Der erste Nachtbürgermeister-Kandidat hat genug
Nach Hin und Her um Prozedere zur Stelle: Benjamin Punke zieht seine Bewerbung zurück - Er will nicht nur "Lärmkümmerer" sein

Von Anica Edinger
Heidelberg. Paukenschlag im Streit um den ersten Heidelberger Nachtbürgermeister: Von nur noch zwei verbliebenen Bewerbungen zieht jetzt einer der letzten Kandidaten die Reißleine: Benjamin Punke, 38 Jahre alt, Veranstalter und DJ in der Stadt, informierte am Montagabend die Fraktionen im Gemeinderat, dass er für die Stelle des Nachtbürgermeisters nicht mehr zur Verfügung stehe. Damit sind nun nur noch Hannes Diether und Florian Schweikert, die als Duo antreten, im Rennen.

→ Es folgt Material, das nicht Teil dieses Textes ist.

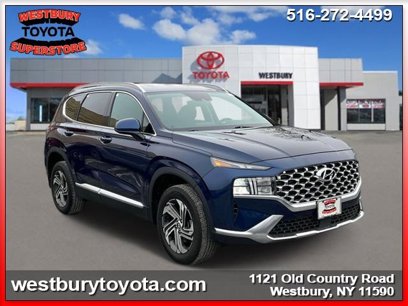Used 2022 Hyundai Santa Fe SEL
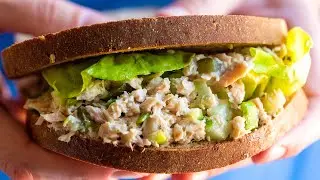 Easy Tuna Salad Recipe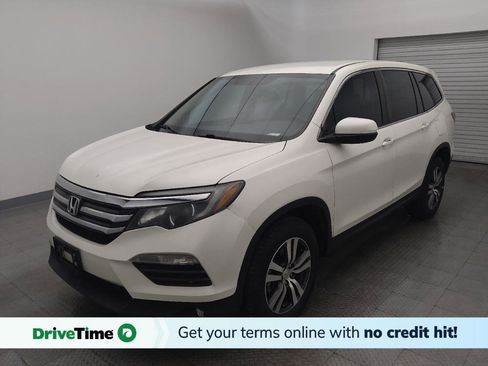 Used 2018 Honda Pilot EX image 1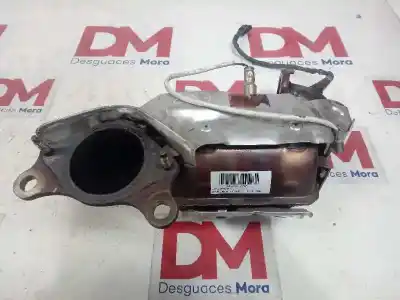 Peça sobressalente para automóvel em segunda mão catalisador por dacia sandero comfort referências oem iam 208a07241r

Allerdings soll die Stelle nach RNZ-Informationen ohnehin komplett neu ausgeschrieben werden. Der Grund: Zuletzt wurde im Gemeinderat Kritik am Verfahren zur Besetzung der Stelle laut. Einige Fraktionen, darunter SPD und CDU, störten sich daran, dass die Stelle kurzfristig von einer Honorar- in eine feste Stelle bei der Stadtverwaltung umgewandelt wurde. CDU und "Die Heidelberger" zeigten sich zudem unzufrieden über die Bewerber-Lage. "Wir sind mit den Kandidaten ganz und gar nicht zufrieden", bekundete CDU-Fraktionsvorsitzender Jan Gradel in öffentlicher Sitzung des Haupt- und Finanzausschusses am 21. Oktober.

Nach RNZ-Informationen drängten zudem einige darauf, dass der neue Nachtbürgermeister sich hauptsächlich mit der Lärmproblematik in der Altstadt befassen sollte. Die Grünen fordern dagegen seit jeher, dass der Nachtbürgermeister auch strukturelle Probleme angehen und konzeptionell arbeiten solle. Sie wollen keinen "Lärmkümmerer", sondern eben einen Nachtbürgermeister.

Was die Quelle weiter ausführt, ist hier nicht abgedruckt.